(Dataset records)
--------
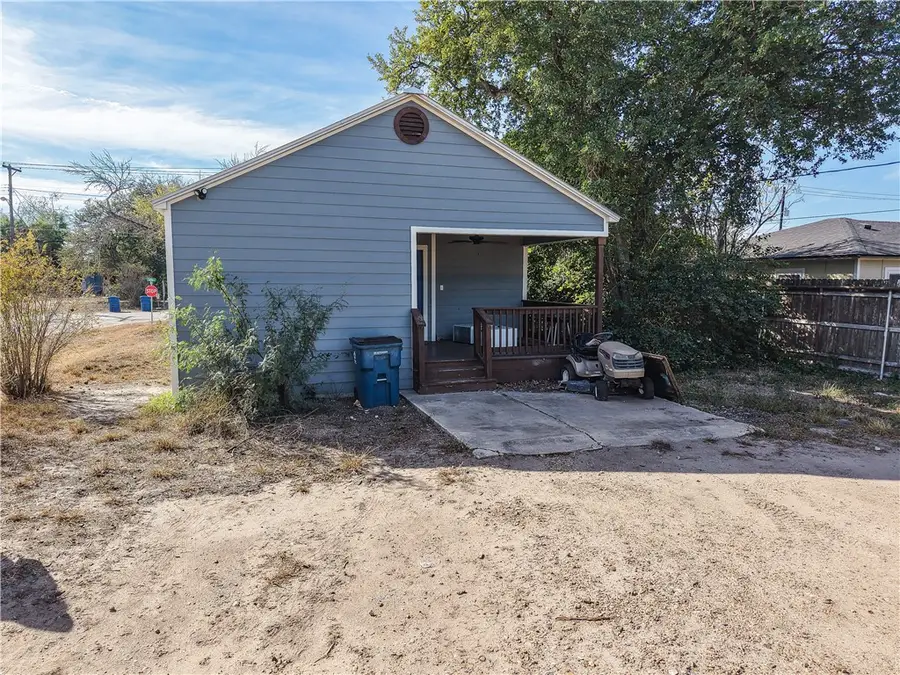 305 E Tullos, Three Rivers, TX 78071 - Image #2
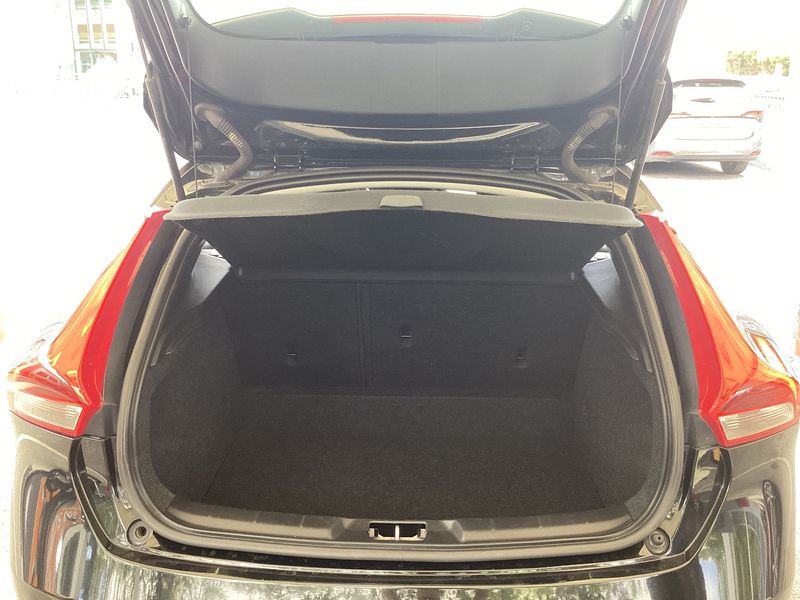 Volvo V40 2.0 D2 Kinetic 2015 – снимка 15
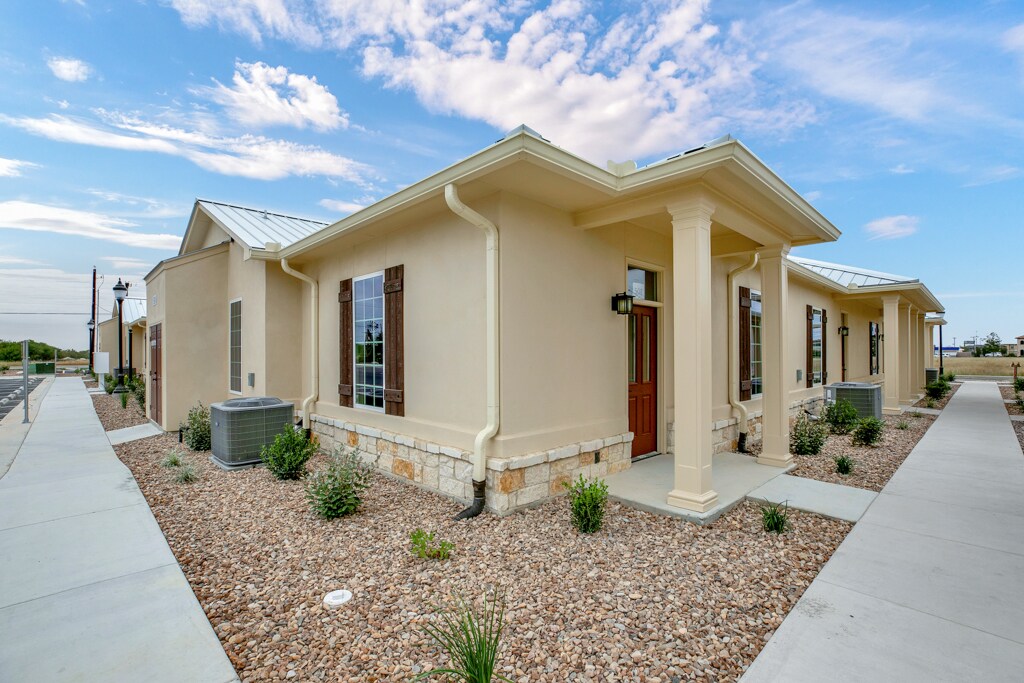 1067 FM 306, New Braunfels, TX for lease Primary Photo- Image 1 of 9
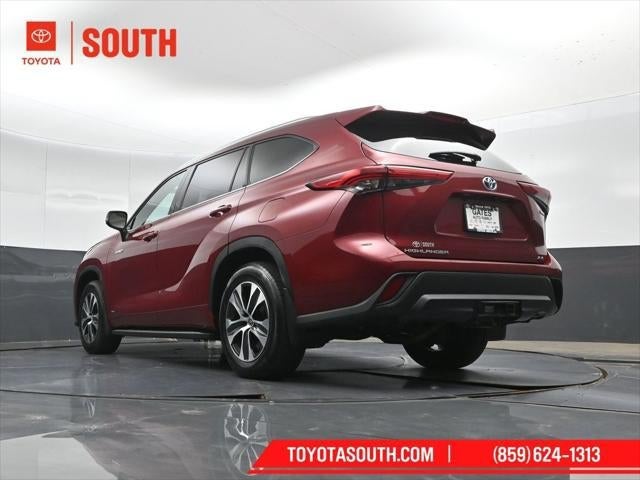 2021 Toyota Highlander Hybrid XLE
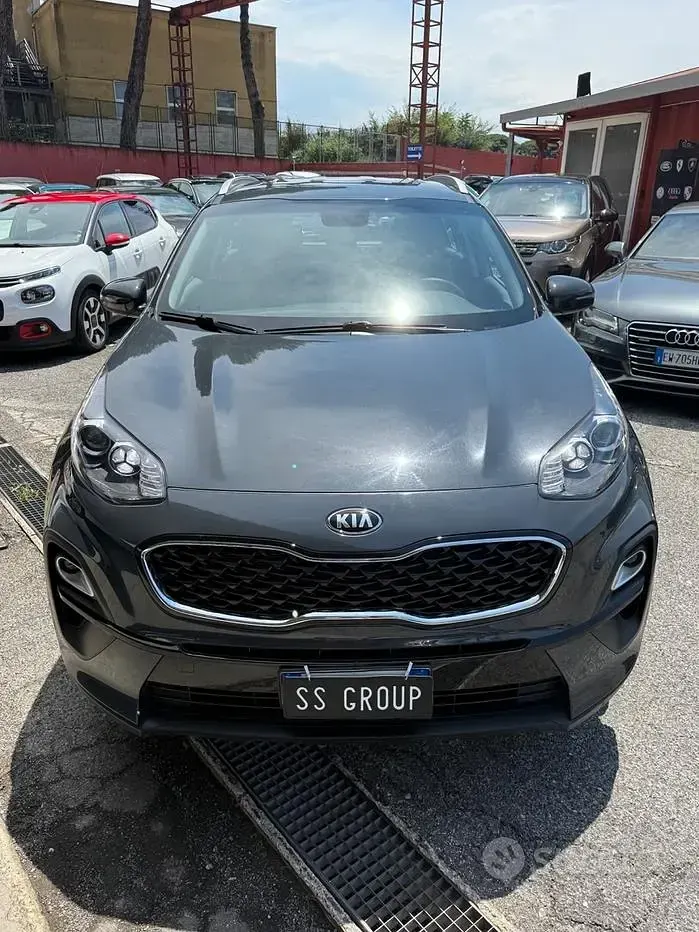 Usata Kia Sportage 126 CV (92 kW) 2020 Grigio SUV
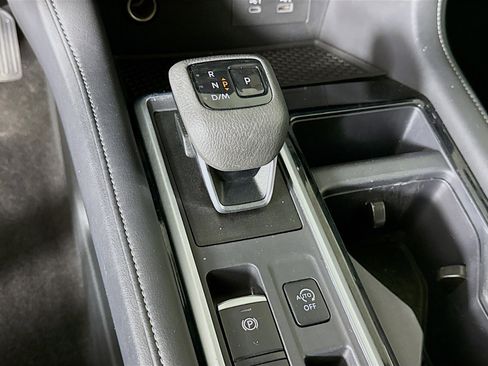 Used 2025 Nissan Pathfinder SV FWD image 19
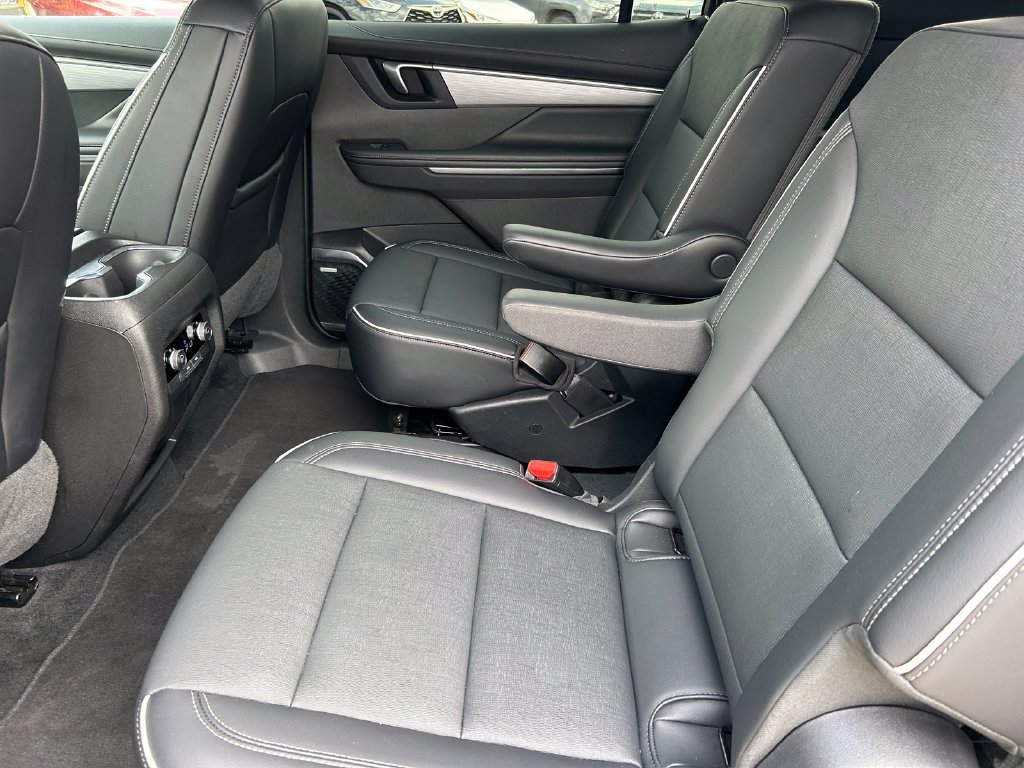 Used 2025 Buick Enclave Preferred FWD image 16
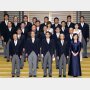 岸田内閣の閣僚たちが居並び写真を撮った場所こそ「空気階段」 今の日本の政治の象徴だ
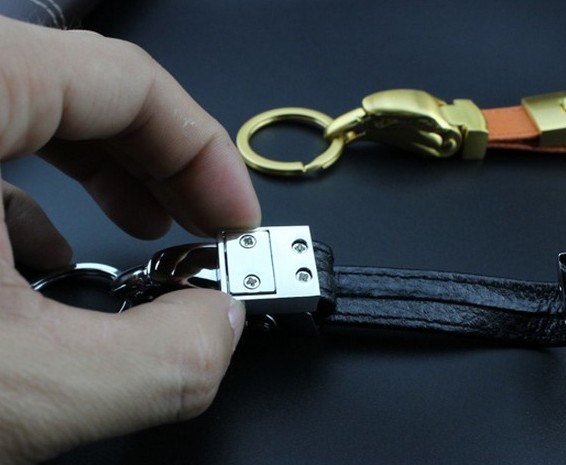 Eagle head keychain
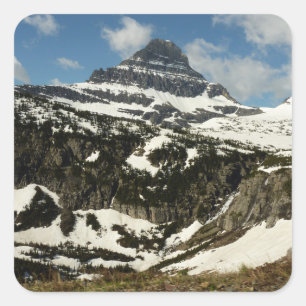 Reynolds Mountain vom Logan Pass im Glacier Park Quadratischer Aufkleber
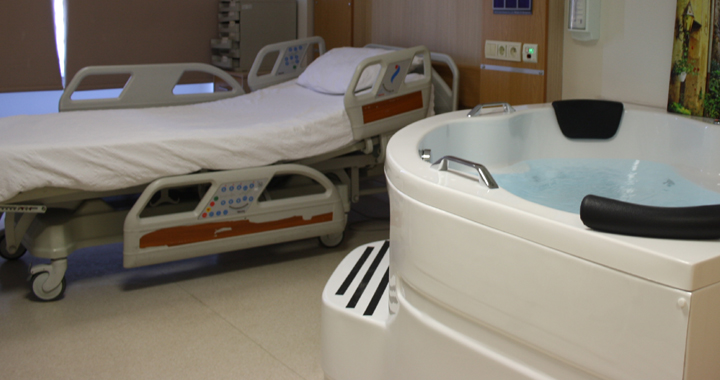 Özel Akhisar Hastanesinde suda doğum ünitesi açıldı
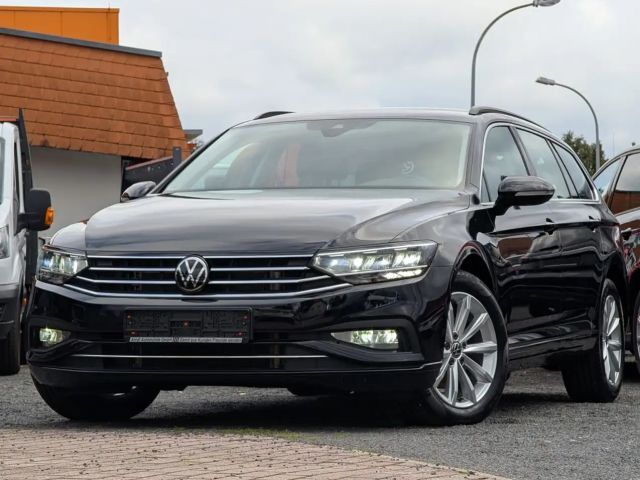 Volkswagen Passat Variant 2.0 TSI 190PS Benzin Automa. NAVI KLIMA 2023 Benzine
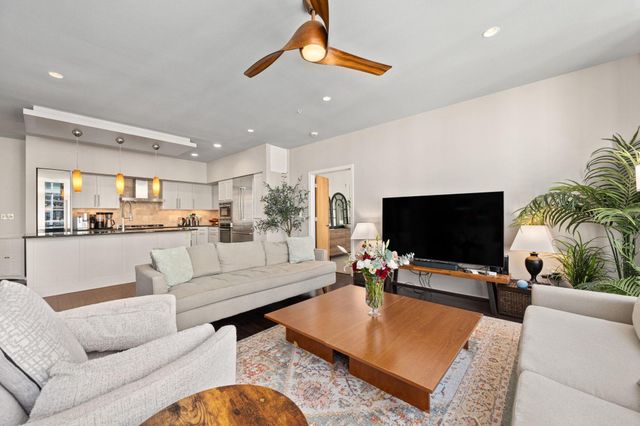 1600 Barton Springs RD 4401, Austin, TX 78704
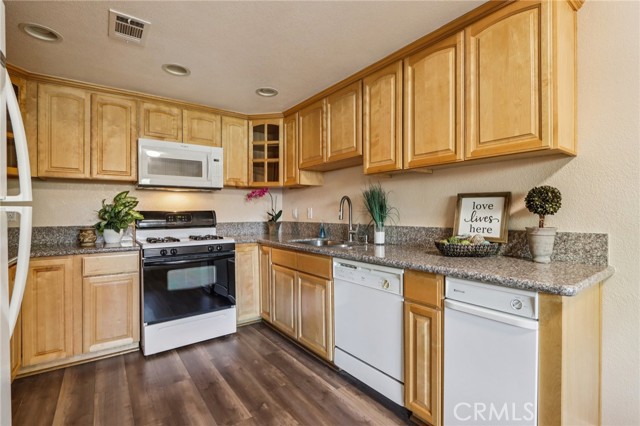 Detail Gallery Image 2 of 48 For 2561 Gonzaga Ln, Riverside,  CA 92507 - 3 Beds | 2 Baths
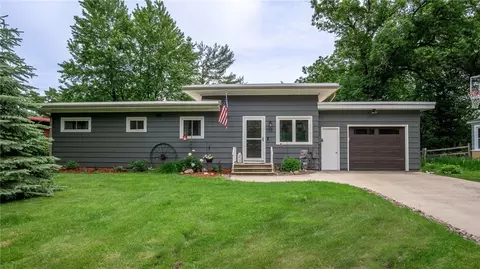 908 SE 15th St, Menomonie, WI 54751
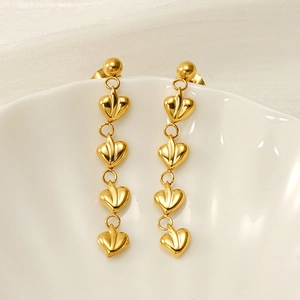 Élégantes boucles d'oreilles pendantes en acier plaqué or 18k avec quatre cœurs superposés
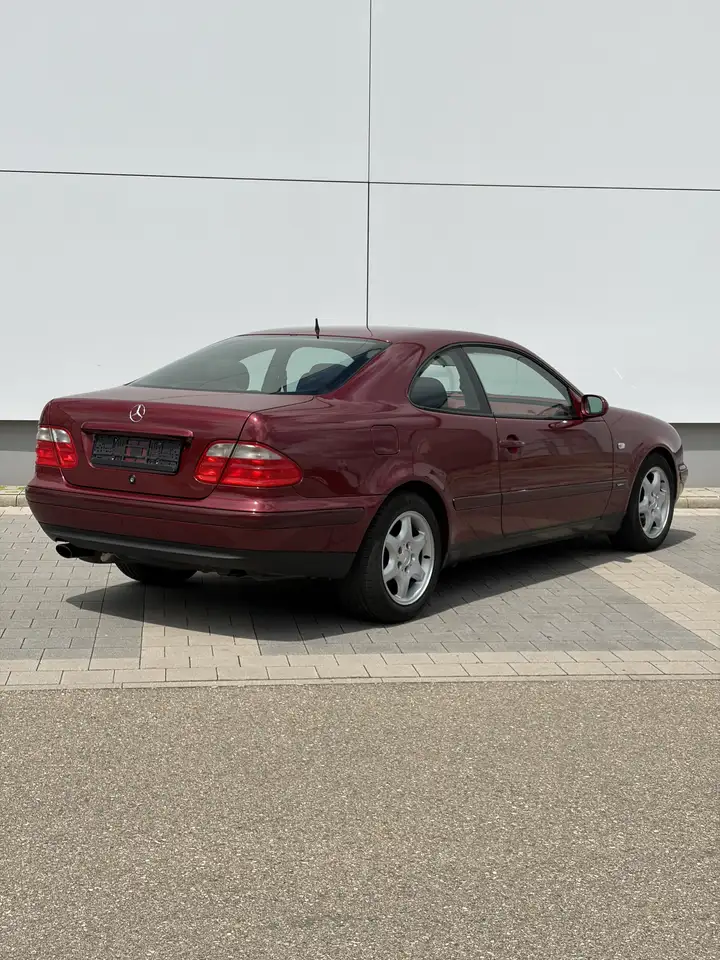 Mercedes-Benz CLK 200 Coupe Sport, foto 3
--------
• **WHAT TO PRODUCE**: Transcribe every entry above exactly. Omit all pictures.

• **SOLUTION FOR THIS TASK**:
 305 E Tullos, Three Rivers, TX 78071 - Image #2
 Volvo V40 2.0 D2 Kinetic 2015 – снимка 15
 1067 FM 306, New Braunfels, TX for lease Primary Photo- Image 1 of 9
 2021 Toyota Highlander Hybrid XLE
 Usata Kia Sportage 126 CV (92 kW) 2020 Grigio SUV
 Used 2025 Nissan Pathfinder SV FWD image 19
 Used 2025 Buick Enclave Preferred FWD image 16
 岸田内閣の閣僚たちが居並び写真を撮った場所こそ「空気階段」 今の日本の政治の象徴だ
 Eagle head keychain
 Reynolds Mountain vom Logan Pass im Glacier Park Quadratischer Aufkleber
 Özel Akhisar Hastanesinde suda doğum ünitesi açıldı
 Volkswagen Passat Variant 2.0 TSI 190PS Benzin Automa. NAVI KLIMA 2023 Benzine
 1600 Barton Springs RD 4401, Austin, TX 78704
 Detail Gallery Image 2 of 48 For 2561 Gonzaga Ln, Riverside,  CA 92507 - 3 Beds | 2 Baths
 908 SE 15th St, Menomonie, WI 54751
 Élégantes boucles d'oreilles pendantes en acier plaqué or 18k avec quatre cœurs superposés
 Mercedes-Benz CLK 200 Coupe Sport, foto 3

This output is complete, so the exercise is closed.